Having 300hr on my Band saw and 500+ on my swing blade I though I had a handle on sawing. The wood gremlins struck today.
I am being humbled by some reclaimed fir.
I am sawing with a Lt 35 Hyd 25hp
Using Kasco 7 and some that I sharpened to 4 with about 28 thousand  set
Twice today I had a blade dive deep enough to go off the guide rollers and come off the drive wheels. That makes a sound you don't forget.
These are 4x15 beams I am resawing to 2 in.
I am using diesel and bar oil to cut the pitch build up.
I can usably cut at about the 11 o clock mark and have to slow way down.
The saw dust is like fine flower instead of course chips and sticky and will plug the gullet.
I have 6 more to cut from 7 ft to 14 ft.
I am planning to run water with cascade tomorrow. I know my blade is getting hot.
at times I can see the saw dust being discharged in the middle of blade and not up in the gullet.

Any suggestions on what might help more set in blade or less.
is reshaping a 7 to a 4 bad idea with the 7s deeper gullet.


Thanks

Scott 
   

ladylake

 How long are you running your blade, that reclaimed lumber will dull them fast.  For me blades with a shallower gullet saw straighter.  Steve
Timberking B20  18000  hours +  Case75xt grapple + forks+8" snow bucket + dirt bucket   770 Oliver   Lots(too many) of chainsaws, Like the Echo saws and the Stihl and Husky     W5  Case loader   1  trailers  Wright sharpener     Suffolk  setter Volvo MCT125c skid loader

MartyParsons

Hello,
   
Fine sawdust, most likely from feed rate to slow.

Fine sawdust spills over the blade past the gullet and does cause heat or friction.

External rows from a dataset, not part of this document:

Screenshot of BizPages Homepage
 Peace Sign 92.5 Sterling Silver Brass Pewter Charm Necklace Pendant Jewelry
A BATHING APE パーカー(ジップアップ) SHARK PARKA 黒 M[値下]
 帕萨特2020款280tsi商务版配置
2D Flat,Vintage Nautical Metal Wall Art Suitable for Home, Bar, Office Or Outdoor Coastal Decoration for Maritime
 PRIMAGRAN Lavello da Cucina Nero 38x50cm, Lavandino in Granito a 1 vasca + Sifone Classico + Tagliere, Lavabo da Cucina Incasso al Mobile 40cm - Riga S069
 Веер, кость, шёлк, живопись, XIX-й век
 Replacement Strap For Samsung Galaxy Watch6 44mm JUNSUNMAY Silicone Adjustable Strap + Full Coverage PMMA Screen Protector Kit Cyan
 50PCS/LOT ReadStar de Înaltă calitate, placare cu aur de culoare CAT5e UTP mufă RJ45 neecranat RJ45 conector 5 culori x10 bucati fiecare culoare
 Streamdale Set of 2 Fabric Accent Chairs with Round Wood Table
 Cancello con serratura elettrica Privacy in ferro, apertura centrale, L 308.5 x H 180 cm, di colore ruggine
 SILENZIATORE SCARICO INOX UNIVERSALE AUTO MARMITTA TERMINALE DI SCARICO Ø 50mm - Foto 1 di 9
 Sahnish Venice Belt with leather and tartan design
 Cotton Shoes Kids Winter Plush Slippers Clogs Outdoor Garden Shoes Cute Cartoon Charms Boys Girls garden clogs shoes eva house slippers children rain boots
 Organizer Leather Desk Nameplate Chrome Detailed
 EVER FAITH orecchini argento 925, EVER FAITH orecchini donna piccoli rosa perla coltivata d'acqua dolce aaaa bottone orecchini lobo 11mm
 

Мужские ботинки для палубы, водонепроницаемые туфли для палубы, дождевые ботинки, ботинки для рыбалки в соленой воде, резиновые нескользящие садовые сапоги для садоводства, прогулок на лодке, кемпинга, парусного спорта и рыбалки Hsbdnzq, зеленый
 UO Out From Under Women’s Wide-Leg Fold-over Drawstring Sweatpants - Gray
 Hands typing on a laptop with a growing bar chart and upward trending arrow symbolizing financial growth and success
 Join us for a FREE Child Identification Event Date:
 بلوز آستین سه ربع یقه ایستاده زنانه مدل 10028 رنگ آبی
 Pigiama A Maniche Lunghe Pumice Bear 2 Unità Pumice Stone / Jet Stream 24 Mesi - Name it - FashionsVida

Is the blade getting build up or sap sticking to the blade? This will remove the set as the blade gets thicker from the build up and again causing more friction.

I have not sawed any Fir from the West Cost.   If I was sawing Fir or was having issues with the resawing I would try the bi metal 10 degree. We have many customers who are using it for difficult sawing woods.
I would also try the 7/39 Turbo blade as it seems to be my blade of choice.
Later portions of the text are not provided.